Help for package ugatsdb

Title:

Uganda Time Series Database API

Version:

0.2.3

Date:

2022-11-20

Description:

An R API providing easy access to a relational database with macroeconomic, financial and development related time series data for Uganda. Overall more than 5000 series at varying frequency (daily, monthly, quarterly, annual in fiscal or calendar years) can be accessed through the API. The data is provided by the Bank of Uganda, the Ugandan Ministry of Finance, Planning and Economic Development, the IMF and the World Bank.

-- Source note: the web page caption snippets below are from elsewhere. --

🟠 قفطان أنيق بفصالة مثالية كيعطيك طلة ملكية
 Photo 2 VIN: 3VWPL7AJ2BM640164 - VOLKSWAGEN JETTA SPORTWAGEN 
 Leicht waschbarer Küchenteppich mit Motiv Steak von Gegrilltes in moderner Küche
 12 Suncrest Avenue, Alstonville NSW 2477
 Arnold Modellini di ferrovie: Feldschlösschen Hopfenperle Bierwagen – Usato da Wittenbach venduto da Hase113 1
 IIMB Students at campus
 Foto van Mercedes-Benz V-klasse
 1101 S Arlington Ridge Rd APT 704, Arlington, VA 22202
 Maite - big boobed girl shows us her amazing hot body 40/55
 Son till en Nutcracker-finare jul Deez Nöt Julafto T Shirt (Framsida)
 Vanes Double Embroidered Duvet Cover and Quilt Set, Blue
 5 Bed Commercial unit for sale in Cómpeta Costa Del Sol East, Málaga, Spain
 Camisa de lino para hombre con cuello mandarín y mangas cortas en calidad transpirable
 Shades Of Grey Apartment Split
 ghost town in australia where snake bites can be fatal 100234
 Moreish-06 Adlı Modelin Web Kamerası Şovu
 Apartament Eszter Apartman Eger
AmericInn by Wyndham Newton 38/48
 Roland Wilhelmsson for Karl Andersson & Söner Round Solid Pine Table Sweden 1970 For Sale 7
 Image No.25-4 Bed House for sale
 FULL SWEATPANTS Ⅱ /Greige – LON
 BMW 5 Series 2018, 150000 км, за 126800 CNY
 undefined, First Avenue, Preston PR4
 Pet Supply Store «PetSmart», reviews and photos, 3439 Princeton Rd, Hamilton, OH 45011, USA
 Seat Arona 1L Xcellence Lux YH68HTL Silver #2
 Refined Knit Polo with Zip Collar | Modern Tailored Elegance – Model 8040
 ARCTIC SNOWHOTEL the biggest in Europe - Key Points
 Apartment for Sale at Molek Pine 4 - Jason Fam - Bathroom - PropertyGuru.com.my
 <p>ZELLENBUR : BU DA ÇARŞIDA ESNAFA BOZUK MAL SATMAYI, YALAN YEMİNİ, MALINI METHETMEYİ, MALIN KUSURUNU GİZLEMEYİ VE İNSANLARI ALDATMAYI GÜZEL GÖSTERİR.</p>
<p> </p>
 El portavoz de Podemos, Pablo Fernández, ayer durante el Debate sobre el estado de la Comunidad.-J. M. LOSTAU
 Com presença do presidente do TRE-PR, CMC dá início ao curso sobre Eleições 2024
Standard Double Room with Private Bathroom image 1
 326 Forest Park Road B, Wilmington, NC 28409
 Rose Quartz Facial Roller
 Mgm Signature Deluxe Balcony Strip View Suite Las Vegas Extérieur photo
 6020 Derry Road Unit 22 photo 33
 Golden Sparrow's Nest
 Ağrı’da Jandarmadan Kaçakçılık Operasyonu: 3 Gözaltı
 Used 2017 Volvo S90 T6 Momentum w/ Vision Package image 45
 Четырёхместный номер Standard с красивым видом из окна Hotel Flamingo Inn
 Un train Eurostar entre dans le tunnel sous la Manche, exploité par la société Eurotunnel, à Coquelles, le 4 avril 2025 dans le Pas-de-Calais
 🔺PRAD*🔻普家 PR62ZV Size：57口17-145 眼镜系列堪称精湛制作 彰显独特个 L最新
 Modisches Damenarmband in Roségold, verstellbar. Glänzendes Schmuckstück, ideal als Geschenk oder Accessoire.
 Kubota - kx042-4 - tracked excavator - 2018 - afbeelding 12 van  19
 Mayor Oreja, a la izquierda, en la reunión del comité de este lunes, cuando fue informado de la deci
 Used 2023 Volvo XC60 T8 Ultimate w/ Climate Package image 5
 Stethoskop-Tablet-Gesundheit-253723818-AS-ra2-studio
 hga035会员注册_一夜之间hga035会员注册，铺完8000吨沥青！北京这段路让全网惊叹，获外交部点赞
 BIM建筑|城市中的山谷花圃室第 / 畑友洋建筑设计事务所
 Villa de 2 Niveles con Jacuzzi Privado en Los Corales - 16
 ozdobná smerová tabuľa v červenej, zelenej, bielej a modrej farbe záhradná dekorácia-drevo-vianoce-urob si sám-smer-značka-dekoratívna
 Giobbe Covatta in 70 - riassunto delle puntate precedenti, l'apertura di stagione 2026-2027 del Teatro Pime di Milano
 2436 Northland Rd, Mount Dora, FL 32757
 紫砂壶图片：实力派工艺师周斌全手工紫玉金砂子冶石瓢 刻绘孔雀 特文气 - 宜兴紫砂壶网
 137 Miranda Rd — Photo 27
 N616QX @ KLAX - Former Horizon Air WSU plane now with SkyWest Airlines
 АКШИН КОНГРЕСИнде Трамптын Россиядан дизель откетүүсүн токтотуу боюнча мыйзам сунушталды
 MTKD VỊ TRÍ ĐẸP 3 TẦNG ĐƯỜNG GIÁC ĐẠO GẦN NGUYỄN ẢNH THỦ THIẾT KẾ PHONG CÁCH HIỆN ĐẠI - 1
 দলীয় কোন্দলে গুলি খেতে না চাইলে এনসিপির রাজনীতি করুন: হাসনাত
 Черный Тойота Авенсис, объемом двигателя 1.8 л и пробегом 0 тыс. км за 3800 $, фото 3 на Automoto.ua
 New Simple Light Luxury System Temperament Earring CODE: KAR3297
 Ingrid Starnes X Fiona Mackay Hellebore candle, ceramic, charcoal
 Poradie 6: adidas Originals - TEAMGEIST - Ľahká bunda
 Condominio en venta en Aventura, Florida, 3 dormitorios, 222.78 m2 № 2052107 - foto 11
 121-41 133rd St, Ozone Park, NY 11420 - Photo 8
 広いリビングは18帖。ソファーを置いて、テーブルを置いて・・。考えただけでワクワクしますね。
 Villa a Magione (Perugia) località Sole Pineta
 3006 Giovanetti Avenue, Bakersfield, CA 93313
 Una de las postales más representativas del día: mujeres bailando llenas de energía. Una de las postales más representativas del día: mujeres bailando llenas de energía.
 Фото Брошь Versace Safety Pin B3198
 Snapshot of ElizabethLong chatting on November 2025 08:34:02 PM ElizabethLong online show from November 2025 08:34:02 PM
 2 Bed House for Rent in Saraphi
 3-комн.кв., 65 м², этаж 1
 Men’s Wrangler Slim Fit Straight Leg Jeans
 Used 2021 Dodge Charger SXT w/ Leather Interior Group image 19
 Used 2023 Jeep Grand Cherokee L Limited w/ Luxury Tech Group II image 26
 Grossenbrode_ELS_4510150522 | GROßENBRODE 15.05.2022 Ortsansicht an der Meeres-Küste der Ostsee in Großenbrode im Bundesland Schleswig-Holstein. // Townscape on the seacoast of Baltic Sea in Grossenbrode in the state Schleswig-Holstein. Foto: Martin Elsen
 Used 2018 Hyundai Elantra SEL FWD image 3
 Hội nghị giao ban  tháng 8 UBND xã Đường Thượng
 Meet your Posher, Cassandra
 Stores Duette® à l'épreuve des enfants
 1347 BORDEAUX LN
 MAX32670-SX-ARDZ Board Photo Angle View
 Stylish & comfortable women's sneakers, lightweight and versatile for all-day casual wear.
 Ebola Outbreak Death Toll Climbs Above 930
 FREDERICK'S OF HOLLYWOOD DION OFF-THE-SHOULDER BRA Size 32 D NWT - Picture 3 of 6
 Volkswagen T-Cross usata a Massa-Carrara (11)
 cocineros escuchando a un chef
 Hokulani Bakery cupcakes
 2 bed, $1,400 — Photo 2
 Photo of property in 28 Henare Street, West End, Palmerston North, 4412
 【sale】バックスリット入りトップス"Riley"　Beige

The database is being updated once a month.

URL:

https://mepd.finance.go.ug/apps.html

License:

GPL-3

Encoding:

UTF-8

Imports:

DBI, RMySQL, data.table, collapse, writexl

Suggests:

magrittr, xts, dygraphs

RoxygenNote:

7.1.2

NeedsCompilation:

Packaged:

2022-11-20 23:28:02 UTC; sebastiankrantz

Author:

Sebastian Krantz [aut, cre]

Maintainer:

Sebastian Krantz <sebastian.krantz@graduateinstitute.ch>

Repository:

CRAN

Date/Publication:

2022-11-24 00:20:02 UTC

Uganda Time Series Database API

Description

Functions

Functions to retrieve tables identifying the data

datasources()
datasets()
series()

Function to retrieve the data from the database

get_data()

Functions to reshape data and add temporal identifiers

long2wide()
wide2long()
expand_date()

Function to export wide format data to Excel

wide2excel()

Helper functions (useful esp. for common Excel formats)

make_date()
transpose_wide()

Global Macros with core ID variables in the database

.IDvars
.Tvars

Function to renew database connection without reloading the package

ugatsdb_reconnect()

Examples


library(ugatsdb)
library(magrittr) # Pipe %>% operators
library(xts)      # Time series class and pretty plots

# Plotting daily IFEM Buying and Selling Rates from the Bank of Uganda
get_data("BOU_E", c("E_IFEM_B", "E_IFEM_S"), from = 2020) %>%
  as.xts %>% plot

library(dygraphs)

# Same generating a dynamic chart
get_data("BOU_E", c("E_IFEM_B", "E_IFEM_S"), from = 2020) %>%
  as.xts %>% dygraph

# Static plot but with legend showing variable labels
get_data("BOU_E", c("E_IFEM_B", "E_IFEM_S"), from = 2020, wide = FALSE) %>%
  long2wide(names_from = "Label") %>% as.xts %>%
  plot(legend.loc = "topleft")

Global Identifier Macros

Description

The macro .IDvars contains the string c("DSID", "Series") denoting variables that uniquely identify series in the database. Note that the series code contained in "Series" alone is not sufficient to uniquely identify a series as some series are recorded with the same code in multiple datasets (mostly either the same data aggregated at a different frequency, or a different collection of indicators). For example goods exports with the series code "EX_G" are recorded in the datasets "BOU_MMI", "BOU_MMI_A" (annual data), and "BOU_MMI_FY" (fiscal year data).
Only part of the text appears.